EUROPE - The European Commission is "too much focused" on full portability of pension rights and has forgotten occupational pensions are a bonus which companies offer employees to stay with the firm, according to Austrian economics professor Ulrich Runggaldier.
Speaking at a conference in Vienna last week, Runggaldier suggested in a large number of European countries second pillar pension arrangements are still not mandatory, but are offered by employers on a voluntary basis in their race for well-qualified employees.
"There is nothing evil in a boss trying to bind an employee to their company using pension benefits," Runggaldier noted at a symposium on occupational pensions in Vienna, organised by the university for economy WU Wien.
He explained under the current proposed European Commission directive by the EU on portability - now known as the mobile workers' pensions rights directive - employees would acquire the vesting rights to an occupational pension already after less than five years of working for an employer.

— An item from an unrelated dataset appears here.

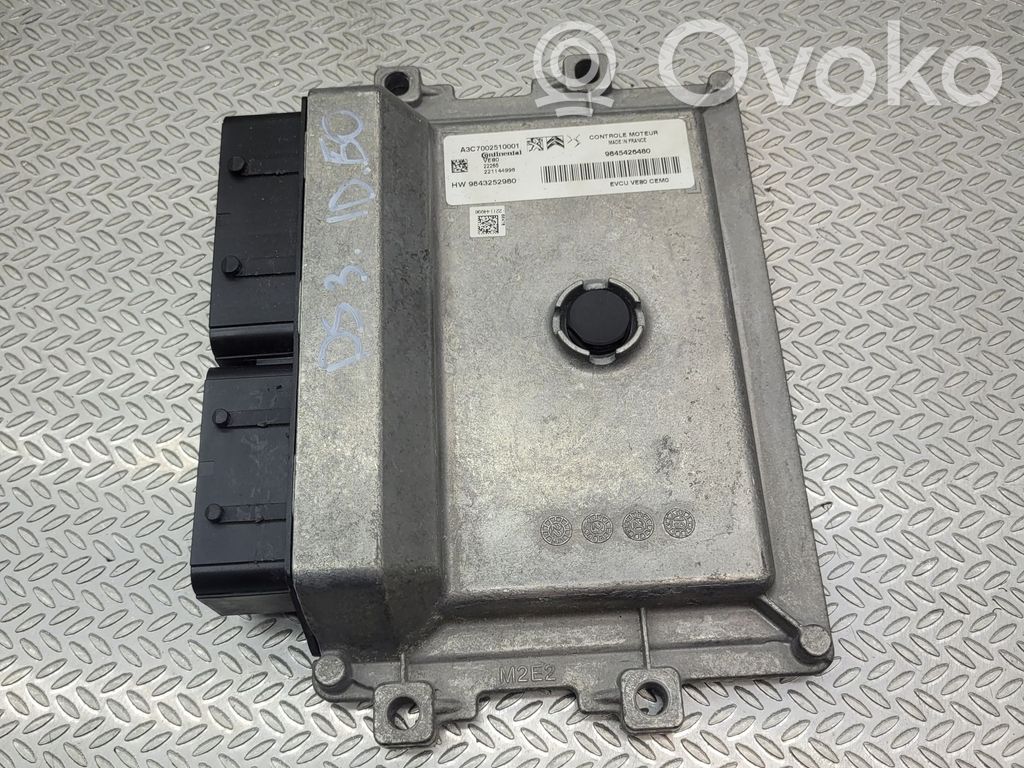 DS Automobiles 3 Crossback Engine control unit/module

"I think the EU commission believes the fewer years it takes to acquire pension rights the more mobile workers will become," Runggaldier noted.
He added implementing this regulation in Austria will be "an interesting challenge" as the current legislation only grants pension rights after a five-year-period.

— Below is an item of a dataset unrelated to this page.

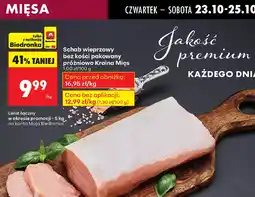 Biedronka Schab wieprzowy oferta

However, he noted all attempts by the commission to create an environment in which full portability of pension rights is possible "have failed" and said the latest amended proposal issued last year "is not suitable to provide full portability". (See earlier IPE story: Portability directive edges closer)
Runggaldier added the paragraph on indexation of pension assets left in a company by an ex-employee is seen critical by many countries as this might mean exploding costs for employers.
In contrast, the Slovenian EU presidency announced at the end of January it was "determined to pursue the adoption of the Directive on the portability of supplementary pension rights".
"The Council has successfully resolved most of the outstanding questions. All we need is a modicum of political will to take the final decisive step," said Slovenian minister for labour, family and social affairs, Marjeta Cotman.